EVERYTHING THREE DOGS TAUGHT ME (THAT I DIDN'T LEARN IN VETERINARY SCHOOL)

A feel-good, bittersweet memoir with few surprises.

Veterinarian Vogelsang pays tribute to the dogs that have played important roles in her life and professional practice.

The author punctuates the narrative with deaths, beginning with the untimely passing of her husband's best friend, Kevin. She writes movingly of how she tried but failed to comfort him and how their dog, Kekoa, succeeded. As a child, her family's dog, Taffy, offered her the companionship otherwise lacking in her life. Vogelsang explains that she was an introverted child with few friends who endured bullying. With high grades, her plan was to become a doctor; however, marriage to Brian, her college sweetheart, reinforced her decision to pursue a less stressful career as a veterinarian. Taffy's death occurred in the first years of their marriage. She made the fortunate choice of taking a job with CareClinic, a highly structured corporation with clinics across the country. This situation, she explains, suited her perfectly. One of her patients was Emmett, a 2-year-old dog with an allergy to fleas, whose owner wanted him euthanized rather than pay ongoing veterinarian expenses.

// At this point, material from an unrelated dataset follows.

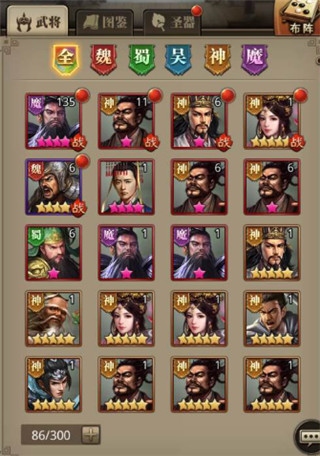 百龙霸业武将系统介绍1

She cajoled her husband into allowing her to adopt Emmett into their family, which now included a daughter and son. When her son was 2 and his sister 6, Emmett developed an untreatable cancer. His death left a painful gap in all their lives, and the parents had to explain it. Although they were not a religious family, they told the children about Emmett’s ascent to heaven. The title of the memoir is based on her son's confusion of heaven with the name of their family friend Kevin, who at that time was alive and well. “The pain of loss,” writes the author, “is the price we have to pay for all the wonder we accumulate building up to it.”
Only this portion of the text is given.